В тот же день я принялся за составление устава "Саблынской Сельскохозяйственной Коммуны" и скоро почти закончил его, когда сельский совет уведомил меня, что осуществление проэкта отложено до конца месяца.
10-го января Крымский полуостров был занят севастопольскими матросами и рабочими, расстреливавшими на месте всех без разбора помещиков, не успевших покинуть свои усадьбы. Мне и моим удалось уехать из Саблов в последнюю минуту, когда вооруженный народ был уже в моем парке.

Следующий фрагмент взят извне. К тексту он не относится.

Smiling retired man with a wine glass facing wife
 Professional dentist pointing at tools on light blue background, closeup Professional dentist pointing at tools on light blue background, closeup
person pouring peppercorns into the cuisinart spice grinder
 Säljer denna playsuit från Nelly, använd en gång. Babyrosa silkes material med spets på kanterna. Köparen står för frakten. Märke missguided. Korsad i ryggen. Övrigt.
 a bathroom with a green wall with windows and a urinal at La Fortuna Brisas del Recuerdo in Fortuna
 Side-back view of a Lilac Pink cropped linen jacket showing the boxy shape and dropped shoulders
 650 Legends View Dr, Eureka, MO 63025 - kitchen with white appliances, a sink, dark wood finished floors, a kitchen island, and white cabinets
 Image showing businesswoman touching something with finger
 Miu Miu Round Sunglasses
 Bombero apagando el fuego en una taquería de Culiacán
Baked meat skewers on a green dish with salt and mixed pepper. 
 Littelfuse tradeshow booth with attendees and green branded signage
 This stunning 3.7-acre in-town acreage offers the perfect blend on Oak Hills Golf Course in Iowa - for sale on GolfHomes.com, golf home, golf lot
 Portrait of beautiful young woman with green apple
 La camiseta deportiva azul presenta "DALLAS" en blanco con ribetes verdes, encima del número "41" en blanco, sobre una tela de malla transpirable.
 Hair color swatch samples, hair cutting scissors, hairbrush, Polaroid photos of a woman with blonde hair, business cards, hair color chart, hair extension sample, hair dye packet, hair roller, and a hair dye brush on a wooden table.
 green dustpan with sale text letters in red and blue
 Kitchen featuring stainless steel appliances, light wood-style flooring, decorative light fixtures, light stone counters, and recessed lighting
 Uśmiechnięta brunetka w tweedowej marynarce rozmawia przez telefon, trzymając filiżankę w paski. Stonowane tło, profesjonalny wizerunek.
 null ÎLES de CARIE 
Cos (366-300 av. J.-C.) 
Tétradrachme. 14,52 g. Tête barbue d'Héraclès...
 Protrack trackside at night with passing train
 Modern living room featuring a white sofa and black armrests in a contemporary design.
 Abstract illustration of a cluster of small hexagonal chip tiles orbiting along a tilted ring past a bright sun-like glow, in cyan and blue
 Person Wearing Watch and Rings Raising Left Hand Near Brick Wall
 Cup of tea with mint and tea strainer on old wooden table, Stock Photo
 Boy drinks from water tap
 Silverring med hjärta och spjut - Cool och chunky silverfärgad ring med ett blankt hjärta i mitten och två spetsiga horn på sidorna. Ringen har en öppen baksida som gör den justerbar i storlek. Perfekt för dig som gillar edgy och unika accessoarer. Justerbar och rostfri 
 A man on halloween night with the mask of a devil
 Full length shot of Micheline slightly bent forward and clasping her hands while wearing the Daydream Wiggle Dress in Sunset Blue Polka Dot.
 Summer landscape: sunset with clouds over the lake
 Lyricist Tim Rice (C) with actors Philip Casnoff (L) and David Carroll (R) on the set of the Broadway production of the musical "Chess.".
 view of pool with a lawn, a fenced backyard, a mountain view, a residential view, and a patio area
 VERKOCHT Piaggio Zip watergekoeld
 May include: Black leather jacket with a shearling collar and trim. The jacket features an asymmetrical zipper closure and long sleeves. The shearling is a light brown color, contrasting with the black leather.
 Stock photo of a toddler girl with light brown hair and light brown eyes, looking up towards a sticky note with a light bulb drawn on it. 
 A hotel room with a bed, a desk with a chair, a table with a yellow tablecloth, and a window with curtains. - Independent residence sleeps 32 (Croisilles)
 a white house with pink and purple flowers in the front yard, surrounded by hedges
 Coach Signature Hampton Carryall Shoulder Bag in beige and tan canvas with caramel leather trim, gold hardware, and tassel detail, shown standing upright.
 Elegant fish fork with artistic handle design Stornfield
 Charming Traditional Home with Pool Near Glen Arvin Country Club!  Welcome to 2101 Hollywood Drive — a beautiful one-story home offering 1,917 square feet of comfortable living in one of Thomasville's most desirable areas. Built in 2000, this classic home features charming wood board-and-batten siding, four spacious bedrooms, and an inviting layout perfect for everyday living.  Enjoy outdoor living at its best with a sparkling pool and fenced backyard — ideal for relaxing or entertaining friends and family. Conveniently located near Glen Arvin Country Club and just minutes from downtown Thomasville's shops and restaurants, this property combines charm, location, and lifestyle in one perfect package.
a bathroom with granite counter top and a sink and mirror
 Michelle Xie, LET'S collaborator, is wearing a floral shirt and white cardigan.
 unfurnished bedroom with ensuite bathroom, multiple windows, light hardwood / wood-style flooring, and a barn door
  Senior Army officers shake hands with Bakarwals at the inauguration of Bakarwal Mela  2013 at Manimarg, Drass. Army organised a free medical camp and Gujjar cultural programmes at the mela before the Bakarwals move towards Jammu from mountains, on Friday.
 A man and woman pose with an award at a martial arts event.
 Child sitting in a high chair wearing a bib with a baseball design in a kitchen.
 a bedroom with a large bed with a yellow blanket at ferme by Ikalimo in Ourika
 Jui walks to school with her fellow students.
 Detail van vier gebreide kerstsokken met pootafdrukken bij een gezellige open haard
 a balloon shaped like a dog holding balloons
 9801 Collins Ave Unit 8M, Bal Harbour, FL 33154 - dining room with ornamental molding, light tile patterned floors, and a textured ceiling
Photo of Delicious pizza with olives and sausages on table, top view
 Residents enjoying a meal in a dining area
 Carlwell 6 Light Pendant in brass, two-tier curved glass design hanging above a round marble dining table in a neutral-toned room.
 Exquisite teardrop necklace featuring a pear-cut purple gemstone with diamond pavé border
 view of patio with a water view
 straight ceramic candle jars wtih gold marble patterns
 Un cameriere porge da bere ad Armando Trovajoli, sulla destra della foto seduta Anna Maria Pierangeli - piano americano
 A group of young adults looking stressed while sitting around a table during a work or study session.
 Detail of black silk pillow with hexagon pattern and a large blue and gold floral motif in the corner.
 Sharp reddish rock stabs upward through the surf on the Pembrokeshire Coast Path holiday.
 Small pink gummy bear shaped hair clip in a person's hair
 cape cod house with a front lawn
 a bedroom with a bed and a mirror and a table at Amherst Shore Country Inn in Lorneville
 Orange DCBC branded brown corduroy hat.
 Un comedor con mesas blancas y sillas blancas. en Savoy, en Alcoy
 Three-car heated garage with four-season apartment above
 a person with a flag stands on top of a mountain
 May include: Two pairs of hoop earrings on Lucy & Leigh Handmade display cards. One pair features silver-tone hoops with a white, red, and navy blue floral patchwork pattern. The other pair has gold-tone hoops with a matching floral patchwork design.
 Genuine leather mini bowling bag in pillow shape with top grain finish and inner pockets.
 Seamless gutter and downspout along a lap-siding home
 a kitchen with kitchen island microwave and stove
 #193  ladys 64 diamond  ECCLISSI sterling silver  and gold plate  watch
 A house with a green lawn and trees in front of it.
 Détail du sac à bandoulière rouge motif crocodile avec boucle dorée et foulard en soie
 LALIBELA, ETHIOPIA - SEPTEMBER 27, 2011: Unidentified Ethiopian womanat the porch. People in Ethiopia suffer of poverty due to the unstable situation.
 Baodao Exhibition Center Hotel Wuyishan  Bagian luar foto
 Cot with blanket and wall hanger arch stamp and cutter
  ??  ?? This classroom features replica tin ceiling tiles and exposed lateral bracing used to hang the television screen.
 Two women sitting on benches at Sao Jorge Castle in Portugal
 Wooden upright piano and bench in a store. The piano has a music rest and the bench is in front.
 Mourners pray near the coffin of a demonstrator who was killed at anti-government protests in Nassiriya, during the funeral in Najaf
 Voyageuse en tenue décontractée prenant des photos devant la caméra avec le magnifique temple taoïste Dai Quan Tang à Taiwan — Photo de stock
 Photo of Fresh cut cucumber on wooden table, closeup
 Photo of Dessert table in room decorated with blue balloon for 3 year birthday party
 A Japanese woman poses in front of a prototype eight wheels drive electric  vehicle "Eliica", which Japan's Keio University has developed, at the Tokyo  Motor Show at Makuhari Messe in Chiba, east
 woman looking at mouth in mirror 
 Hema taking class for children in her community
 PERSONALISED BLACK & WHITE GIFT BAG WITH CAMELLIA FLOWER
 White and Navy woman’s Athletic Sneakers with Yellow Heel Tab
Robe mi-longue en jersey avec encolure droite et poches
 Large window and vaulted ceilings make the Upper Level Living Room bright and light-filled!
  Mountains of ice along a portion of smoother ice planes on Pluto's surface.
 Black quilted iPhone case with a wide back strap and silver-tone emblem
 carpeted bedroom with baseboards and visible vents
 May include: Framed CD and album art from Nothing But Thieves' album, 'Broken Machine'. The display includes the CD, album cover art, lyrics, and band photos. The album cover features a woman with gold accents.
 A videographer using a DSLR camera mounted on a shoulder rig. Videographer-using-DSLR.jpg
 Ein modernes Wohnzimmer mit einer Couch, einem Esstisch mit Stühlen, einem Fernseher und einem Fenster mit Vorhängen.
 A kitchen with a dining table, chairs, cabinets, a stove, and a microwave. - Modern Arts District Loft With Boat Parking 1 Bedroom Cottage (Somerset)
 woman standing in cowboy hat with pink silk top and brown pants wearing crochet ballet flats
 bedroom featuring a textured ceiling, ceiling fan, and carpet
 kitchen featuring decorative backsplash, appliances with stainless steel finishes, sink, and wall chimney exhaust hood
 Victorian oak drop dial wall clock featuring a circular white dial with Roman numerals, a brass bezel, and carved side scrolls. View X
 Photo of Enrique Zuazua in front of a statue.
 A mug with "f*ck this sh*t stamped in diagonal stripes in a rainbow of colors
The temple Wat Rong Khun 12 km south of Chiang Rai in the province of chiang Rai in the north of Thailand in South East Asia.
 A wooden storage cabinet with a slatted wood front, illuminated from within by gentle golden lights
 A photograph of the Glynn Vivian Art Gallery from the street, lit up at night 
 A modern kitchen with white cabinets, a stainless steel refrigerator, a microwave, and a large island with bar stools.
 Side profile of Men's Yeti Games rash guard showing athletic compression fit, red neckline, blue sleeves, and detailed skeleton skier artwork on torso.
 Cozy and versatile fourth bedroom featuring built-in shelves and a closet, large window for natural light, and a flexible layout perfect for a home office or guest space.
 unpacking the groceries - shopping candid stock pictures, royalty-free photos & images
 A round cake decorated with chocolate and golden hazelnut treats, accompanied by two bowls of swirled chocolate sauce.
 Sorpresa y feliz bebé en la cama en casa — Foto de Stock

В Крыму установилась советская власть, скоро объявившая Саблы совхозом и доверившая управление ими моему управляющему. По дошедшим до меня сведениям, Саблы и по настояшее время остаются в государственном управлении, в котором крестьяне никакого участия не имеют.
ВСТРЕЧА
(175)
Hад Севастопольской бухтой стояло солнечное свежее утро 26-го ноября 1918 года, когда в нее медленно входила эскадра из более чем ста кораблей. Это был соединенный флот победоносных союзников, только что подписавших перемирие с немцами. В первый раз после четырехлетней войны, в которой Россия пролила столько крови рядом с победителями, корабли их входили в русскую военную гавань. Но ни одного салютного выстрела не было сделано с них. Салютовать было некому и нечему. России не было, и флаг ее нигде не развевался: ни над крепостью, ни над остатками когда-то русского флота. Над русскими кораблями реяли "жовто-блакитные" украинские флаги, а береговые батареи давно были разоружены немцами, занимавшими крепость. Это не был визит России, а военная демонстрация силы перед немцами и их союзниками украинцами. Командовавший пришедшей эскадрой адмирал не съехал на берег, чтобы, по международному обычаю, посетить командира русского флота и последний не поехал к нему. Вместо этого на небольшой пристани, рядом с Графской, стояли в ожидании минуты, когда флагманский дрэдноут "Суперб" бросит якорь, две небольшие группы: - одна состоявшая из двух военных, командира небольшого отряда Добровольческой Армии, расквартированного в Крыму, и его начальника штаба, другая - из 10-ти человек, членов Крымского Краевого правительства и пишущего эти строки, исполнявшего обязанности "начальника протокола".